Considering where Beijing is now politically, it’s an astonishingly obtuse claim. In reality the Chinese political system, which ensures obedience to the government at the expense of personal freedom, could only be described as authoritarian. It’s true that Xi is not a dictator like Mao Zedong, who wielded virtually absolute power. Moreover, Xi rose to the top of the Communist Party through a process of selection. But Xi’s electorate isn’t the people at large. It consists of a much smaller group of the top elite: the hundreds of active and retired members of the Politburo (the top political body), the provincial party secretaries, generals, senior aides and advisers, and the CEOs of major state-owned and private corporations.
So why does China still call itself a democracy? Making this claim allows Beijing to legitimize its own actions — and, in the case of its views on the U.S. missile attacks, the Syrian government’s — as representing the will of the people. This hoodwinking and hypocrisy has served Beijing well. “Imagine calling yourself the People’s Autocracy of China, or the Glorious Autocracy of China,” said Perry Link, a professor at the University of California at Riverside who has studied China’s human rights issues for decades. Alternatively, he said, the People’s Republic of China, or, for example, the Democratic People’s Republic of Korea — the official name of North Korea — shifts the burden of proof to the other side to show that the country is not, in fact, democratic.

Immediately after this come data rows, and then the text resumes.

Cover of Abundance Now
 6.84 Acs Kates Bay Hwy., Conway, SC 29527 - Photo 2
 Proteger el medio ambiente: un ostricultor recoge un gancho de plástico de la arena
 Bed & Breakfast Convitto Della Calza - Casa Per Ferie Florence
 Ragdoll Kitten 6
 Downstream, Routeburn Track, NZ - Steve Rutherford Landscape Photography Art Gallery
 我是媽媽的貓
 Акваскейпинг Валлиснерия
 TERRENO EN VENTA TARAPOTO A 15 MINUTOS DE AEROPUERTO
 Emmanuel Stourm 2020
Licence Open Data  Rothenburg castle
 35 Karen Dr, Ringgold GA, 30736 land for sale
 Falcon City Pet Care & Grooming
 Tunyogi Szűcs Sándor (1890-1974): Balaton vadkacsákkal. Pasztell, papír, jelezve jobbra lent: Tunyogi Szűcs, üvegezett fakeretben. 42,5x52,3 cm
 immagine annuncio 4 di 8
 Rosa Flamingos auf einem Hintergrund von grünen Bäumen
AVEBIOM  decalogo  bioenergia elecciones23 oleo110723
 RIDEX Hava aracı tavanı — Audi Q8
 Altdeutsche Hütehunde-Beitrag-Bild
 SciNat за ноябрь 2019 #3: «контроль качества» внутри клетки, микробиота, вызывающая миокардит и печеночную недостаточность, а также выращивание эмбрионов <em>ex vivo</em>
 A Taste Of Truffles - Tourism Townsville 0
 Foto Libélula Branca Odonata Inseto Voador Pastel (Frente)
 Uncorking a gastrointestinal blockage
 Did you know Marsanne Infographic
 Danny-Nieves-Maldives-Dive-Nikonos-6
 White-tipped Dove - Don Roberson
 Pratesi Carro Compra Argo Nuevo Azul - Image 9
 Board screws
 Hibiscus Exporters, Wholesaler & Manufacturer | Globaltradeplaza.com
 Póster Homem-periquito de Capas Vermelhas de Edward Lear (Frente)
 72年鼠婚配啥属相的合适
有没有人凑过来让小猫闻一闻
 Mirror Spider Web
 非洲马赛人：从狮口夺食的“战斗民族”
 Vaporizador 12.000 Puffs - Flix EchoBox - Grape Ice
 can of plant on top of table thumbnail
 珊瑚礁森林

Yes, Beijing means something different with the word “democracy” than Americans do — and this has a lot to do with the Chinese Communist Party’s ideological origin story. Vladimir Lenin preached “democratic centralism,” a system where supposedly democratically elected officials dictated policy. Similarly, Mao called for the “people’s democratic dictatorship” — a dictatorship by the people, for the people, allegedly far superior to the “bankrupt” system of “Western bourgeois democracy,” where elites plundered the working class. In her 2015 essay “The Populist Dream of Chinese Democracy,” the Harvard University political scientist Elizabeth J. Perry contextualizes Chinese democracy as more akin to populism. She quotes Xi Zhongxun, the former propaganda chief (and the late father of China’s current leader), who once exhorted fellow party members “to put your asses on the side of the masses.”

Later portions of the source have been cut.